Инна подняла на меня глаза, но ее лицо было непрозрачным.
- Ты знаешь, - сказал я, - я же дорожу тобой больше, чем любым другим человеком на этой земле.
Она помрачнела и недовольно поджала губы; я почувствовал, как тяжелеет и холодеет моя душа, но решение было принято, и мне следовало довести дело до конца.
- Я правда тебя очень люблю, - добавил я и прочитал по ее лицу, что она хочет, чтобы все это закончилось как можно скорее.
- Я и не подозревала об этом, - сказала она. - В таком случае тебе не следовало изображать дружбу; и давно ты до этого додумался?
Все было кончено, и я почувствовал, как лихорадочное возбуждение медленно превращается в оцепенение и расползающийся паралич чувств. Но потом Инна извинилась за резкость и добавила, что я застал ее врасплох; мы еще поболтали, я отдал ей "таргиль", и она ушла в сторону общежитий. Я еще посидел на скамейке под отвесным фонарным светом, а потом медленно пошел в сторону автобусов. Становилось все холоднее; но чувства притупились, почти ничего не ощущая, я плыл сквозь холодный вечерний воздух.

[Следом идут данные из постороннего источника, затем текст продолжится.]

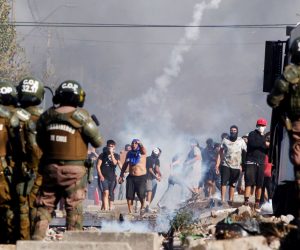 epa08431062 People clash with police during a protest for lack of food, during the State of Constitutional Exception of Catastrophe decreed by Chilean President, to prevent the spread of the Coronavirus, in Santiago, Chile 18 May 2020. Around a hundred residents of El Bosque, a town on the outskirts of Santiago, protested this Monday to denounce the lack of food and poverty they suffer due to the quarantine decreed by the Government to try to contain the coronavirus pandemic SARS-CoV-2.  EPA/SEBASTIAN SILVA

Я помню, что шел по улице, с кем-то говорил, смеялся, но все казалось каким-то прозрачным и ирреальным, почти развоплощенным, как если бы я падал в пропасть. По дороге домой я зашел к приятелю, мы выпили по чашке кофе и поговорили про общих знакомых. Осознание пришло позднее, как возвращается зубная боль после местного наркоза; но я не чувствовал себя вылеченным. Мне не хватало не только Инны, но и того особого света, который пронизывал каждую встречу с ней задолго до ее появления, мне не хватало даже этих бессмысленных разговоров про "таргили". На некоторое время мне стало казаться, что у меня больше нет будущего. То, что она, несмотря на всю нашу внутреннюю близость, была столь равнодушна ко мне, казалось нелепостью, трагическим абсурдом, столь неправдоподобным, что поначалу я исподволь ждал ее звонка, ждал, что она скажет, что просто была застигнута врасплох, не смогла совладать с чувствами и наговорила всякой ерунды. Я понял тогда, что ее резкость не только не была причиной для отчаяния, но совсем наоборот - знаком, вселяющим надежду; эта резкость больше, чем что бы то ни было еще, свидетельствовала о скрытом и подавленном волнении, полностью противоречащем ее показному равнодушию. Но прошли два, потом три дня; и она так и не позвонила. Действие наркоза кончилось, и чувство утраты, беспросветное и удушливое, стало невыносимым. Я скользил сквозь туман расползшейся повседневности; время проплывало мимо меня и выплескивалось на берега прощания.